**Goal of the exercise:**
Images within the entries are to be omitted; the remainder must be reproduced exactly.

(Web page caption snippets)
§ §
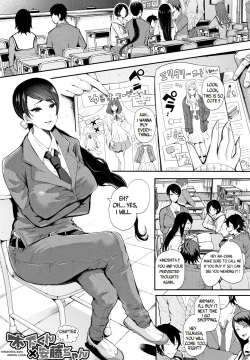 Kinoshita-kun x Andou-chan Ch. 1-2 + Extra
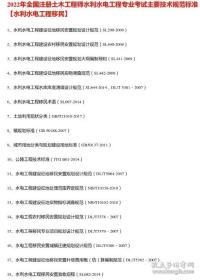 2023年水利水电专业考试规范（水利水电工程移民专业18本）2022年全国注册土木工程师（水利水电工程）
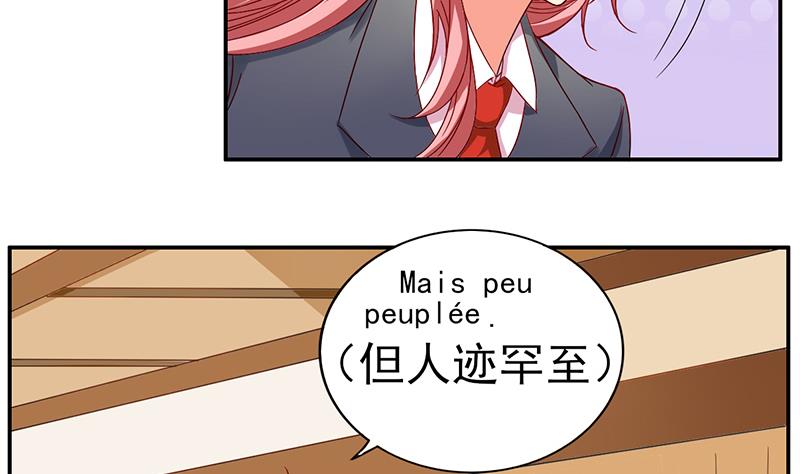 第13话 完美的谈判-第14话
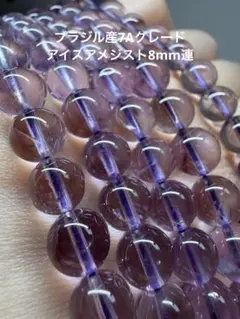 ブラジル産　天然石　7Aグレード高透明アイスアメジスト　丸玉8mm 連材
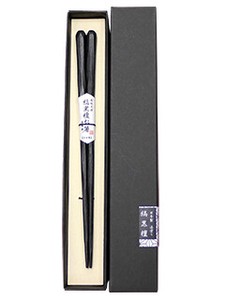 日本製 縞黒檀を使用したお箸  箱入　にほん　高級　贈り物　ギフト　プレゼント　彫刻　天丸　八角　細角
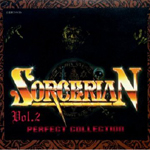 Sorcerian Perfect Collection Vol. 2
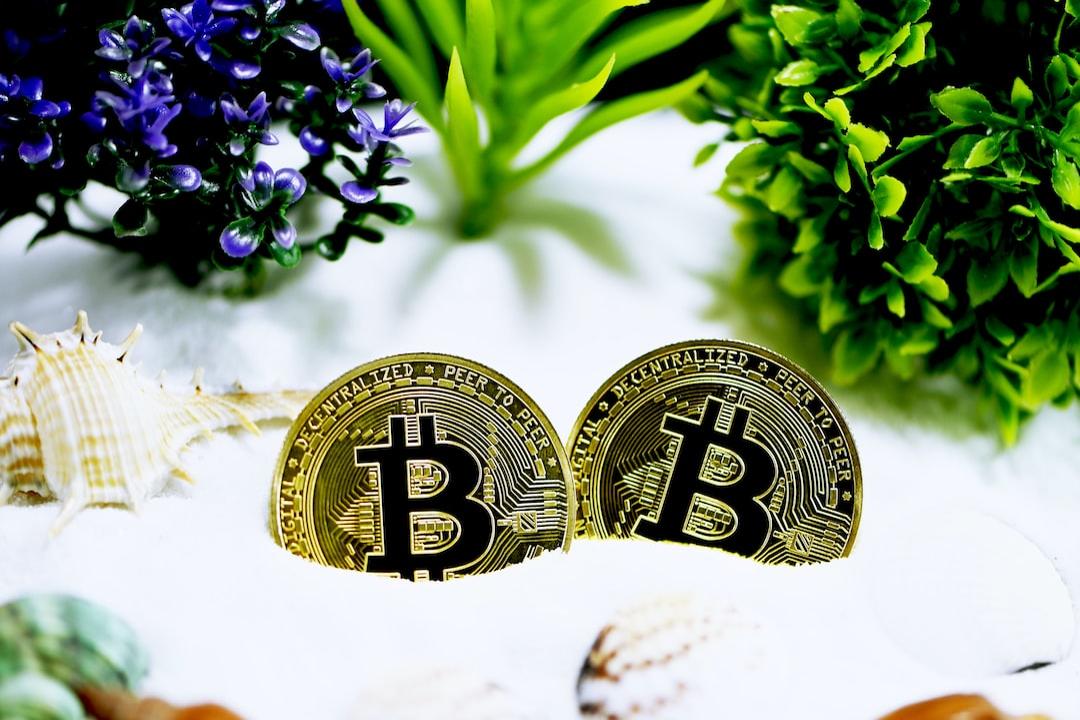 币安与吉尔吉斯斯坦达成协议，推进加密支付和中央银行数字货币支持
§ §
**Answer:**
 Kinoshita-kun x Andou-chan Ch. 1-2 + Extra
 2023年水利水电专业考试规范（水利水电工程移民专业18本）2022年全国注册土木工程师（水利水电工程）
 第13话 完美的谈判-第14话
 ブラジル産　天然石　7Aグレード高透明アイスアメジスト　丸玉8mm 連材
 日本製 縞黒檀を使用したお箸  箱入　にほん　高級　贈り物　ギフト　プレゼント　彫刻　天丸　八角　細角
 Sorcerian Perfect Collection Vol. 2
 币安与吉尔吉斯斯坦达成协议，推进加密支付和中央银行数字货币支持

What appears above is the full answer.